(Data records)
*** Block opens ***

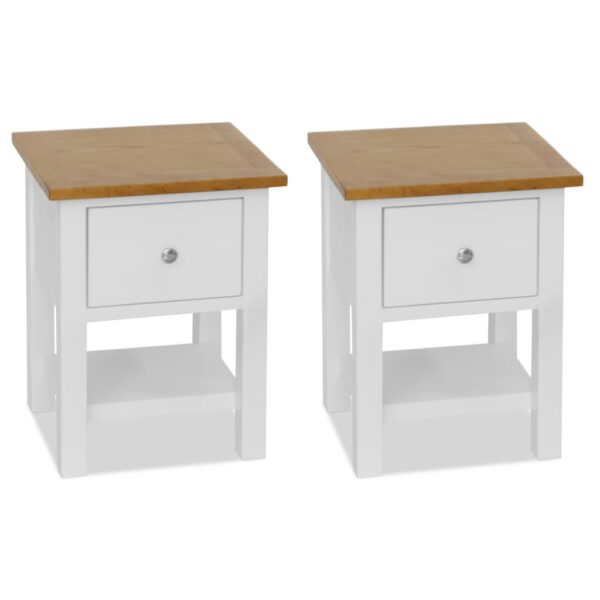 vidaXL Nightstands 2 pcs 14.2"x11.8"x18.5" Solid Oak Wood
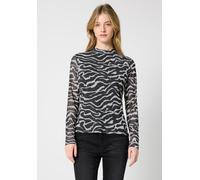 Langarmbluse STREET ONE STUDIO, Damen, Gr. 46, flint grau, Stoff, Obermaterial: 95% Polyester, 5% Elasthan; Futter: 100% Viskose, gemustert, normal normal, hoch geschlossener Ausschnitt, abgesteppt, B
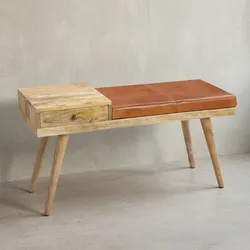 KADIMA DESIGN Retro-Stil Sitzbank: Stauraum, Ziegenleder-Bezug, 100x52x38 cm, Schublade, Anti-Rutsch-Noppen.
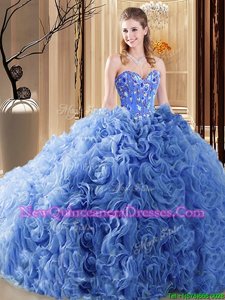 Excellent Blue Sweetheart Lace Up Embroidery and Ruffles Quinceanera Gown Court Train Sleeveless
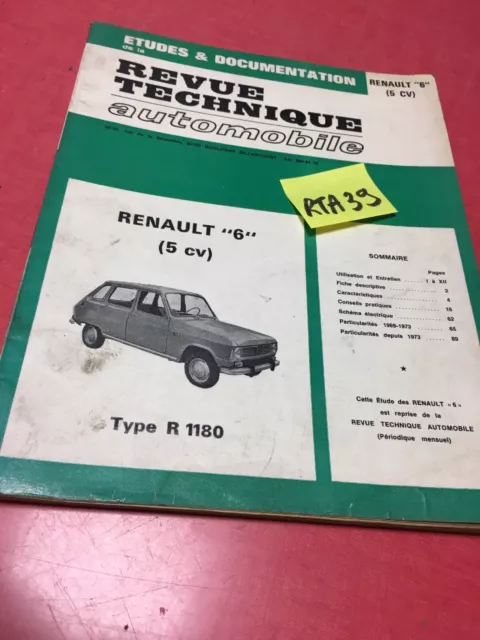 Revue Technique Automobile Renault 6 R6 5cv R1180 RTA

*** Block closes ***

*EXERCISE*
Retype the records verbatim, but not their images.

*TASK RESPONSE*
 vidaXL Nightstands 2 pcs 14.2"x11.8"x18.5" Solid Oak Wood
 Langarmbluse STREET ONE STUDIO, Damen, Gr. 46, flint grau, Stoff, Obermaterial: 95% Polyester, 5% Elasthan; Futter: 100% Viskose, gemustert, normal normal, hoch geschlossener Ausschnitt, abgesteppt, B
 KADIMA DESIGN Retro-Stil Sitzbank: Stauraum, Ziegenleder-Bezug, 100x52x38 cm, Schublade, Anti-Rutsch-Noppen.
 Excellent Blue Sweetheart Lace Up Embroidery and Ruffles Quinceanera Gown Court Train Sleeveless
 Revue Technique Automobile Renault 6 R6 5cv R1180 RTA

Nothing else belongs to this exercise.